Wetenschapspsychologie

Wetenschapspsychologie of de "psychologie van de wetenschap" is de studie vanuit de psychologie naar de wetenschap en gerelateerde zaken. Studie naar menselijke kennis wordt vooral verricht door de cognitieve psychologie. In de wetenschapspsychologie wordt onder meer nagegaan hoe wetenschappelijke creativiteit verloopt.[1]

Recent is er meer aandacht van psychologen voor de motivationele en ideologische kanten van de psychologie van de wetenschap en hoe attitudes ten aanzien van wetenschap worden gevormd. Onder meer het Psychology of Science Lab van Bastiaan Rutjens richt zich hier op.

De term "Wetenschapspsychologie" is een relatief nieuw en het betreft hier niet een gevestigd vakgebied. Het tijdschrift Psychologie en Maatschappij heeft hieraan in 1991 een themanummer gewijd, waarin het Nederlandse psychologenpubliek voor het eerst een systematische presentatie van de wetenschapspsychologie als aanvulling en kritiek op het meer vertrouwde werk van filosofen en wetenschapssociologen.[2]

Wetenschapspsychologie is gerelateerd aan wetenschapsfilosofie. Wetenschapsfilosofie schrijft vanouds voor aan welke regels wetenschap zich moet houden om ware kennis te produceren. Bekend is bijvoorbeeld de eis van Karl Popper dat men wetenschappelijke beweringen moet kunnen weerleggen. Maar omdat de wetenschapsfilosofie te belangrijk is om aan filosofen over te laten, onderzoeken ook psychologen het wetenschapsbedrijf (wetenschapspsychologie) en in het bijzonder hun eigen wetenschap. Zo heeft Dean K. Simonton onderzoek gedaan naar creativiteit in de psychologie en de rol van peer review.[3]

Sinds de klassieke oudheid is de filosofie het domein van de studie van onderwerpen als kennis, kennisverwerving, logica, menselijke geest en cognitie. Er is een lange traditie van filosofen, die het vraagstuk van de kennisverwerving vanuit zowel psychologische als kentheoretische invalshoeken bestudeerd hebben.

Met de opkomst van de specialisatie in wetenschap eind 19de eeuw raakt de studie van deze onderwerpen verdeeld. Zo is de wetenschapsfilosofie gaan reflecteren op het wezen van kennis, en is de cognitieve psychologie zich gaan richten op psychische aspecten. Zo wordt bijvoorbeeld vanuit psychologisch gezichtspunt aandacht besteed aan het proces van wetenschappelijke begripsvorming.[4]

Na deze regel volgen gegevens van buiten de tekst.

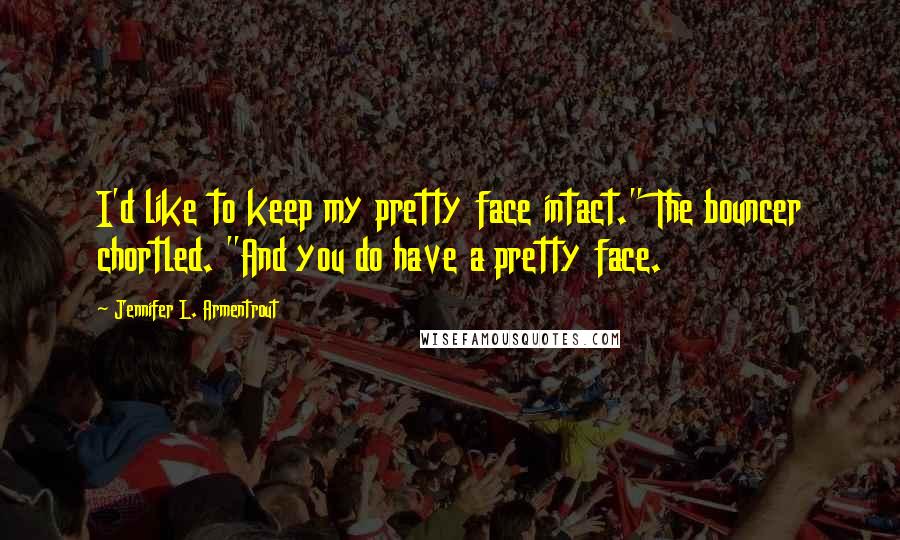 Jennifer L. Armentrout Quotes: I'd like to keep my pretty face intact." The bouncer chortled. "And you do have a pretty face.
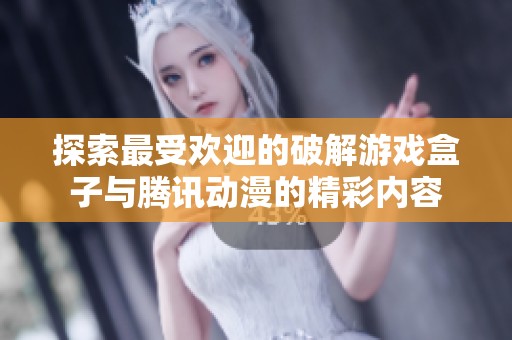 探索最受欢迎的破解游戏盒子与腾讯动漫的精彩内容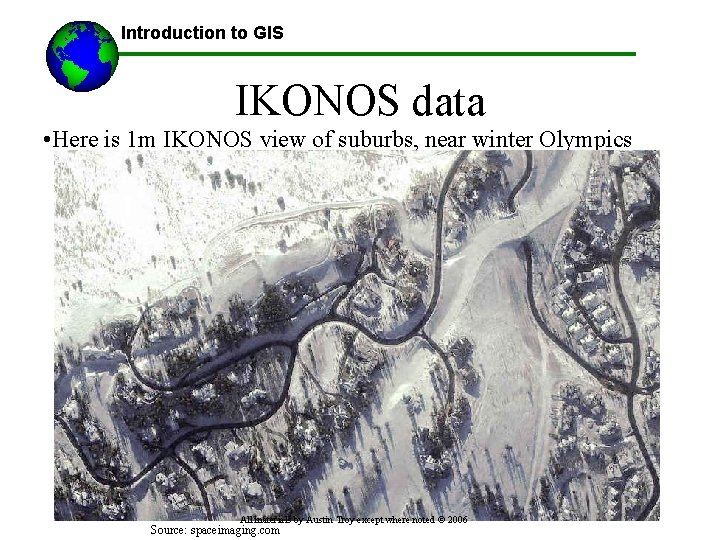 Introduction to GIS IKONOS data • Here is 1 m IKONOS view of suburbs,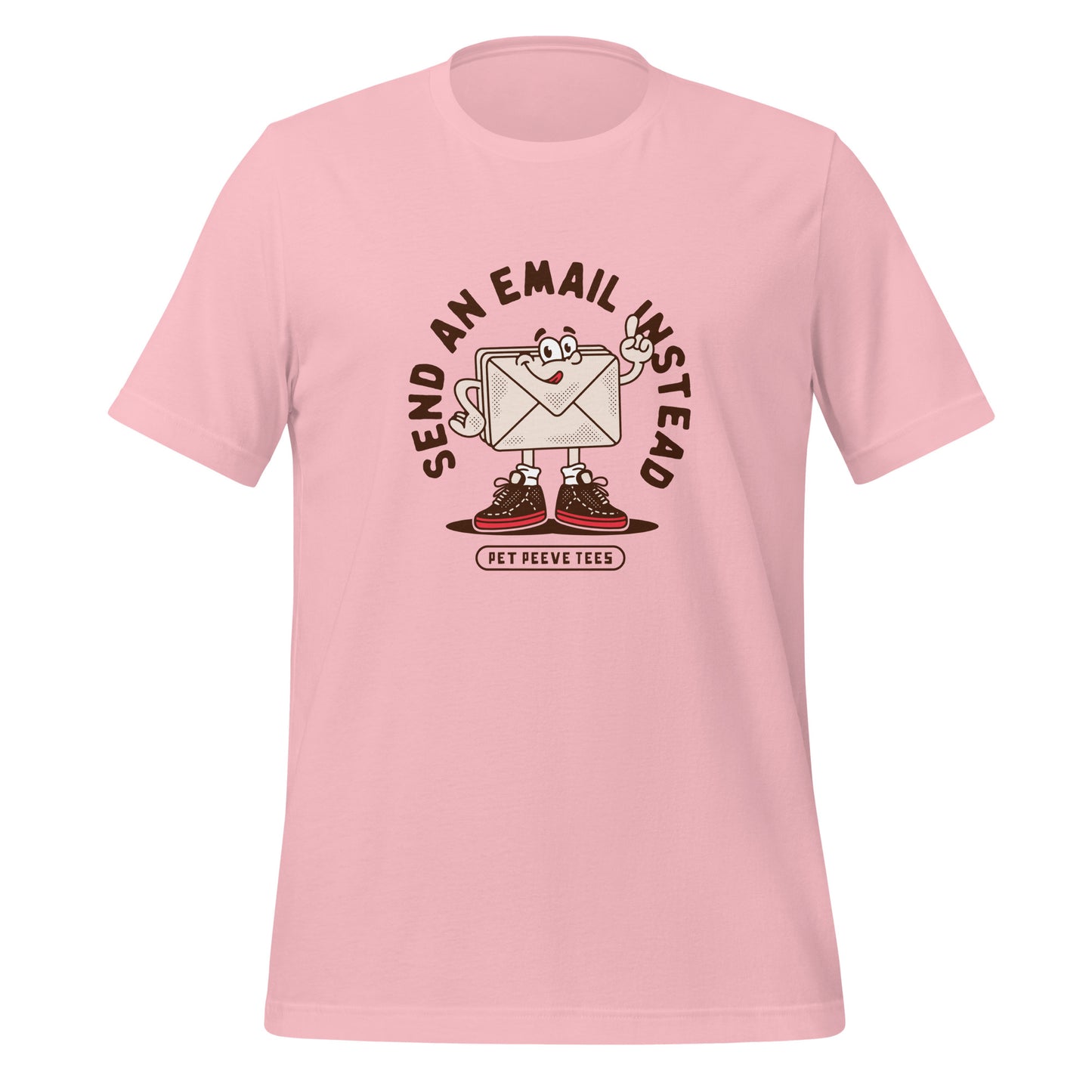 Send An Email Instead - Pet Peeve Tee - Unisex T-Shirt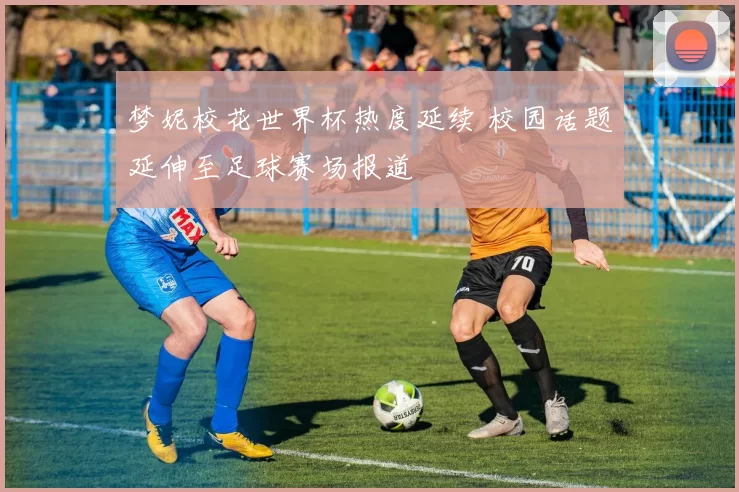 梦妮校花世界杯热度延续 校园话题延伸至足球赛场报道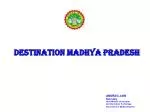 DESTINATION MADHYA PRADESH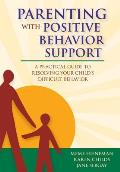 Parenting with Positive Behavior Support A Practical Guide to Resolving Your Childs Difficult Behavior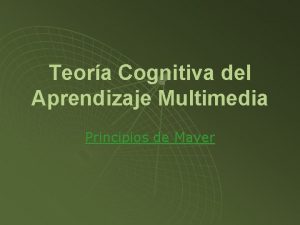 Teora Cognitiva del Aprendizaje Multimedia Principios de Mayer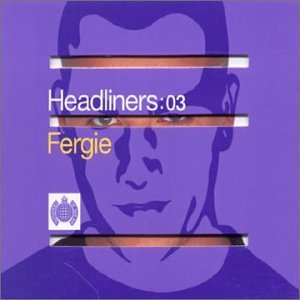 Headliners Mixed By Fergie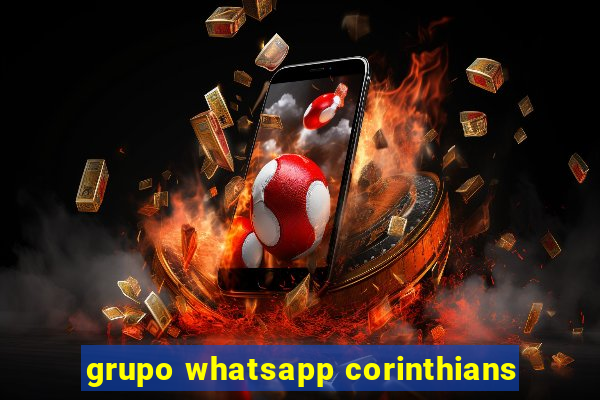 grupo whatsapp corinthians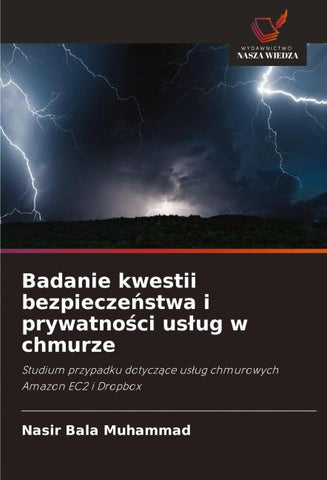Badanie kwestii bezpiecze¿stwa i prywatno¿ci us¿ug w chmurze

Na 1950 is een verdere differentiatie opgetreden met de opkomst van wetenschapssociologie en wetenschapspsychologie. In de jaren 70 was Abraham Maslow een van de grondleggers, die dit vak heeft voorgesteld in z'n boek Psychologie van de wetenschap.

Wetenschapspsychologie : Onderwerpen

[bewerken | brontekst bewerken]

Maslow was een van de eerste psychologen, die de wetenschap vanuit een psychologisch perspectief heeft benaderd en geanalyseerd. Hierbij constateerde hij, dat in het werk van de wetenschap en wetenschapper op zijn minst de volgende negen functies worden onderscheiden:[5]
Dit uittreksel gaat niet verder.